Bay thought to reprimand Frazier for his hostility, but had learned when to pick his battles with the old Scot. To be fair, Frazier had every reason to dislike Anne. The man had dragged Bay away from enough bottles and beds after encounters with her. Bay had gotten better over the years, but Anne still had the power to make him feel like a jilted schoolboy.

“What does she want?”

“What she always wants, not that she’d bother to confide in me. You watch yourself, Major. Since that husband of hers died, she wants you back. And not just to diddle this time.”

Bay shut his eyes, hoping his neighbors were not peering out their front windows while he argued with his manservant. He was thirty-three years old. A decorated soldier, some might even say hero. The owner of three properties and sound investments. He was not going to let his past get the better of him, no matter how Anne’s lips moved in entreaty or her lush body beckoned. He had a mistress for all that.

“Tell you what, Frazier. Station yourself right outside the parlor door. When you hear me say-” He paused. What would make a good code word he could work into conversation?

“Bloody cow,” Frazier offered.

Bay cast him a stern look. “Hyde Park. Come in and tell me I have an urgent message. Speaking of which, any word from Mr. Mulgrew?”

“Aye. I meant to tell you that, too. Said he’s been to see the earl, and he has a lead. Has a man on his way to France. He’ll call on you tomorrow morning.”

Damn. He devoutly hoped for Charlie’s sake Mulgrew had not spilled the beans about Deborah taking the necklace. He’d definitely have to have a chat with Arthur’s father now, on some pretext or other. They didn’t precisely run in the same social circles.

Bay nodded and turned back toward his house. Frazier pulled on his sleeve again.

“Stay strong, Major. You’ve been in tougher battles.”

Bay barked out a laugh. He’d almost rather don a uniform again than face Anne Whitley in his own parlor.


He straightened and slid open the pocket door. She really had not changed at all since the last time he saw her. Of course, that was only weeks ago, soon after Whitley died and before he went to Dorset. She looked magnificent in black, like the ultimate chess queen carved by a master craftsman. She looked even more magnificent out of her widow’s weeds. It had not taken her long to shed them then, and would not take much to persuade her to go upstairs right now. Were he not so exhausted from his interlude on Jane Street, he might have been tempted for old times’ sake. They had fallen into such a routine over the years that he almost dreaded coming home on leave. She was sure to find him, and he was sure to wind up right where he knew he shouldn’t be.

But Whitley had been a bastard to her, or so she said.

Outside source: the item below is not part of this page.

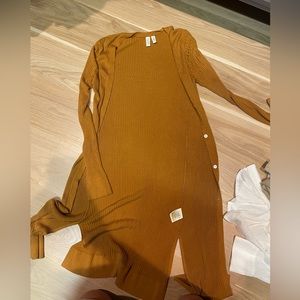 Anthropologie long cardigan women’s size M dark yellow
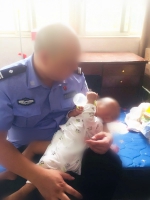 怒！男子用婴儿作掩护偷手机 暖！办案警察客串临时“奶爸” - 广东大洋网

It had eased his guilty conscience some at the time to cuckold the man, but had not eased his heart.

“You look well, Lady Whitley. How may I be of service to you?”

“Bay, don’t be silly! Come sit down right next to me. I have been waiting for you for ages and ages.” She patted the sofa with a black-gloved hand, but she had removed her hat. Her hair was coiled neatly, wayward curls deliberately escaping around her heart-shaped face. Her eyes were the color of the autumn sky. He’d once placed a sapphire just their color on her finger.

“I’m afraid I’m not home for long.” There was no sign of a chaperone. He took the red brocade chair opposite. Even from across the room he could smell the rose perfume she had always worn.

“Surely you have time for me.” She smiled, both cheeks dimpling. She did not look like a woman of five and thirty, and knew it.

“What do you want, Anne? It’s not proper for you to be here.”

She frowned. “You don’t sound very friendly today. I thought you’d be pleased to know I’ve come back to town. Whitley Abbey was so dull and grim. Even though I’m in mourning, I cannot be expected to deprive myself of every pleasure, can I?”